→ GOAL OF THE EXERCISE:
Copy each line below exactly as it appears. Pictures are to be omitted.

→ PROVIDED MATERIAL:
|---|

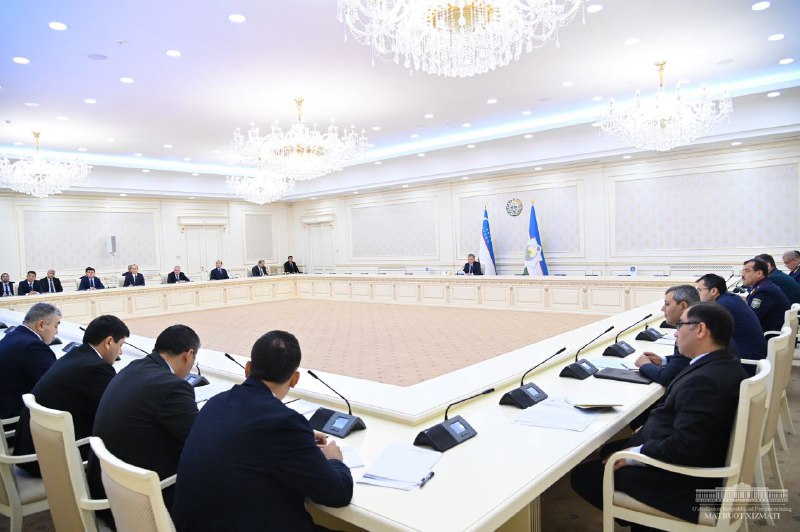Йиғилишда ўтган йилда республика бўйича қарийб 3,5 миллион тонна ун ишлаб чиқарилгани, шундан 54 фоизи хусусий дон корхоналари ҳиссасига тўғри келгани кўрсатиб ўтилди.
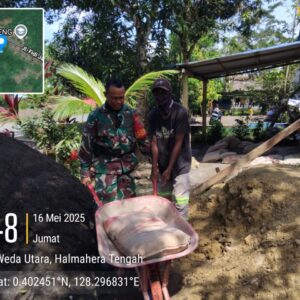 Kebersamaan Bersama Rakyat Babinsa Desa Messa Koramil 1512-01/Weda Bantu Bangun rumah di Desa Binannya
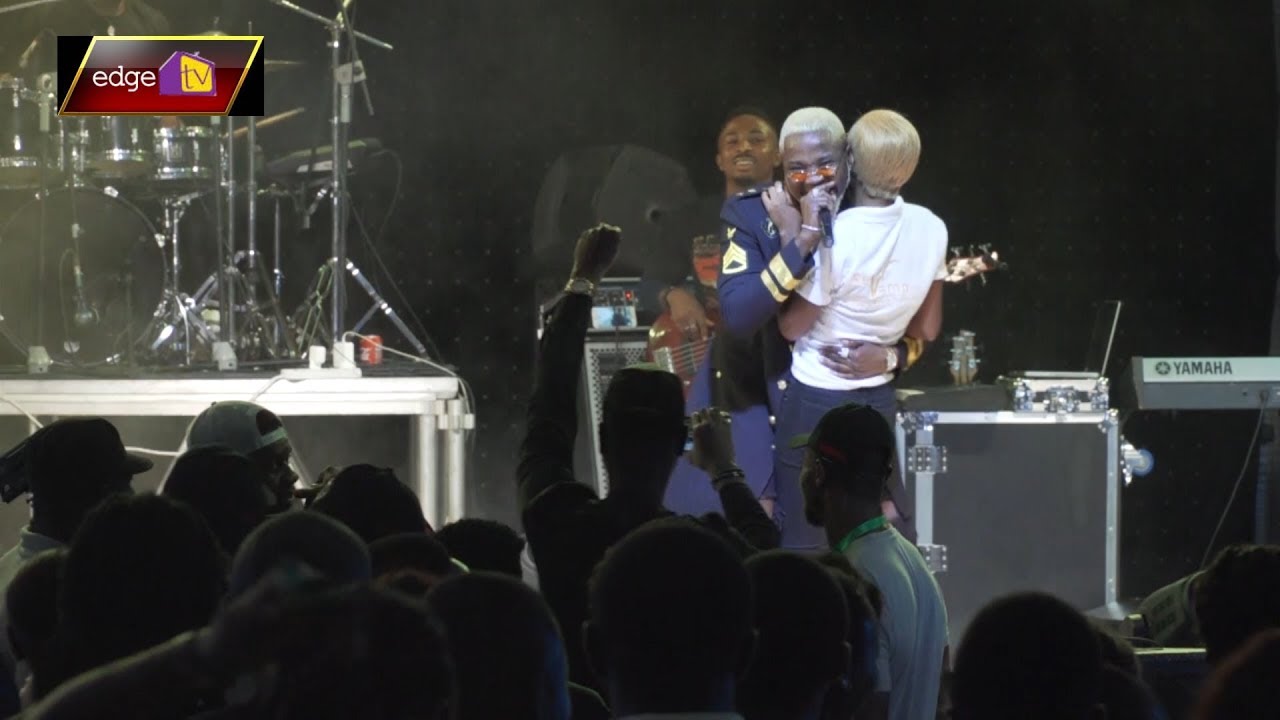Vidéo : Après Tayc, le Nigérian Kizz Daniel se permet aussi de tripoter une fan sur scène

|---|

→ ANSWER:
Йиғилишда ўтган йилда республика бўйича қарийб 3,5 миллион тонна ун ишлаб чиқарилгани, шундан 54 фоизи хусусий дон корхоналари ҳиссасига тўғри келгани кўрсатиб ўтилди.
 Kebersamaan Bersama Rakyat Babinsa Desa Messa Koramil 1512-01/Weda Bantu Bangun rumah di Desa Binannya
Vidéo : Après Tayc, le Nigérian Kizz Daniel se permet aussi de tripoter une fan sur scène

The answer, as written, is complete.